Visitors to the area at Highway 10 and 144th Street in Surrey will have noticed major construction underway beside the courthouse since September 2016, and wondered what’s being built. Well, the project involves renovation of the courthouse built in 1991 and a three-storey addition to it.
It’s hoped the project will have several benefits that will increase access to justice for British Columbians living south of the Fraser River. eNews interviewed Provincial Court Regional Administrative Judge Robert Hamilton to find out what’s in store for the courthouse and how the changes underway may improve things.
eNews: What’s going on at the Surrey courthouse?
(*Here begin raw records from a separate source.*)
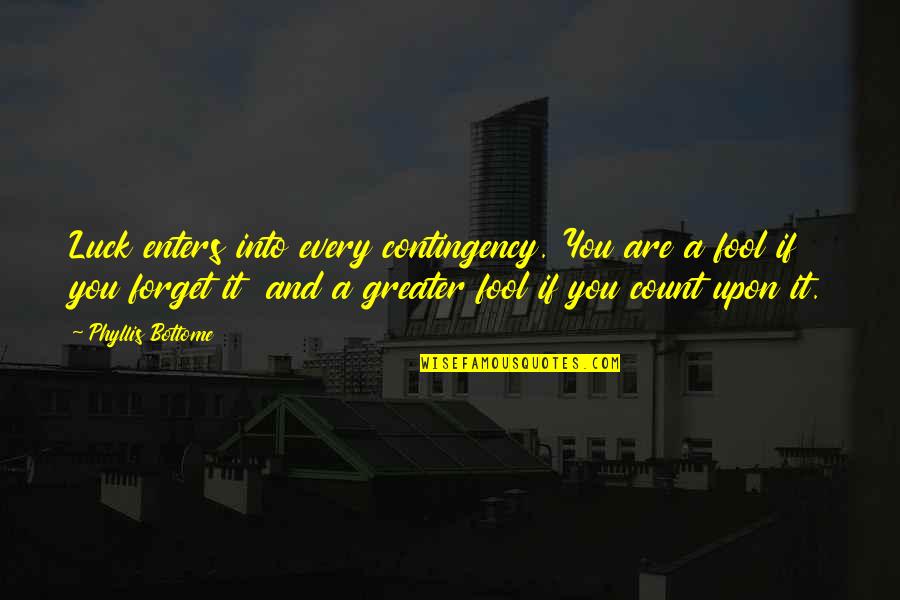 Incrediable Quotes By Phyllis Bottome: Luck enters into every contingency. You are a Incrediable Quotes By Phyllis Bottome: Luck enters into every contingency. You are a
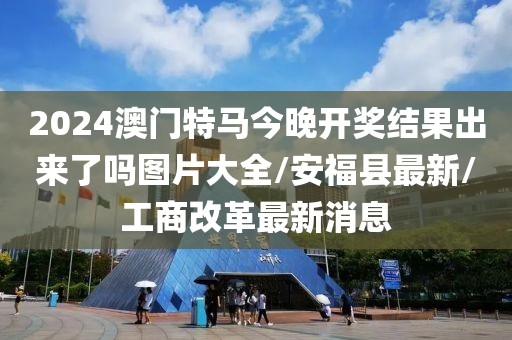 2024澳門特馬今晚開獎結果出來了嗎圖片大全/安?？h最新/工商改革最新消息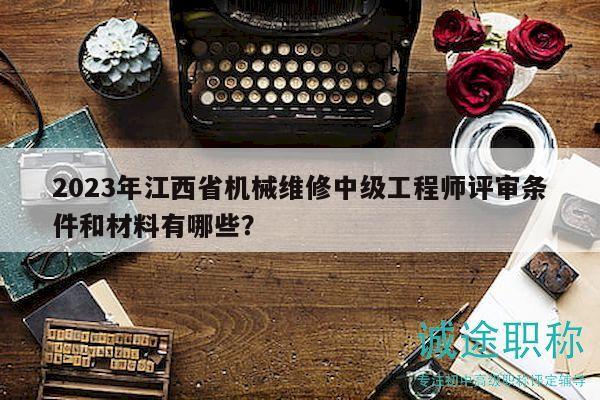 2023年江西省機(jī)械維修中級工程師評審條件和材料有哪些？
RAJ Hamilton: It’s a $33.5 million dollar project that will renovate the existing courthouse and add to it significantly. The Surrey courthouse has the largest criminal caseload of any courthouse in BC and the second largest family and civil caseload, making it the busiest courthouse in the province. Court staff have been working in crowded spaces for some time. The renovation will separate the criminal court registry from the family and civil registries – they will be on different floors - and all will be expanded to alleviate the cramped working conditions. New courtrooms, settlement conference rooms and judges’ offices will be added, updated technology and integrated video conferencing installed, and our First Appearance Courtroom will be enlarged. Jail space will be expanded, and there will be a new law library that, like the existing one, will be open to the public at designated times.
eNews: Why are the changes needed?
RAJ Hamilton: I’m told that when this courthouse opened in 1991 it was built for the future. It had been designed to meet not just current, but anticipated future needs of the growing community south of the Fraser River. During the last twenty-six years the building’s use was maximised. Its caseload expanded through population growth in Surrey and when it was designated the courthouse for cases from White Rock, Delta and Langley in addition to Surrey.
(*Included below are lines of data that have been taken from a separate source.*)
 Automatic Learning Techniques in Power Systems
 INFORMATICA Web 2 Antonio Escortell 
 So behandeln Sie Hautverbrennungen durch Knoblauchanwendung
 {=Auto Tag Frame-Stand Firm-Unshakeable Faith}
As the population of these communities continues to expand, this project is a proactive step to deal with higher volumes of cases in all divisions, and to provide the physical capacity to shorten wait times. Providing additional courtrooms is one of the elements needed to decrease delay in the court system. While we’ve made progress in recent years, at present the wait times for longer trials in Surrey are slightly greater than the Court’s standards, and we hope that the added courtrooms will help us bring wait times down even more.
eNews: Do you foresee other benefits?
RAJ Hamilton: Our services in family and civil courts will be enhanced. There will be additional offices for Family Justice Counsellors who provide mediation for people with family disputes and prepare reports on issues involving parenting arrangements and children’s views. It was also recently announced that a Family Justice Access Centre will be established in the courthouse. A previous eNews article reported that Family Justice Access Centres offer self-help resource rooms to support people with various family and civil justice needs (such as separation and divorce, housing or debt issues), limited legal advice from lawyers onsite, debt counselling, and civil mediation. Those services would all be of assistance to our many self-represented litigants.
We should also be able to provide earlier case conferences where judges meet with the parties in family and civil disputes to discuss settlement, because the number of case conference rooms will be doubled.
eNews: Do you anticipate any changes in the criminal courts?
RAJ Hamilton: Expansion of the jail cells in the building should reduce crowding there. One of the new courtrooms will be a state of the art high security courtroom, bringing the number of courtrooms with heightened security to two. This will assist us to deal with cases like those linked to armed gang violence while keeping court staff, people involved in court proceedings, and the public safe.
eNews: Any closing thoughts?
RAJ Hamilton: The judges and judiciary staff are looking forward to conclusion of the current construction in 2018. We are all excited to participate in the enhanced services we will be able to offer the public through this renovation and expansion project.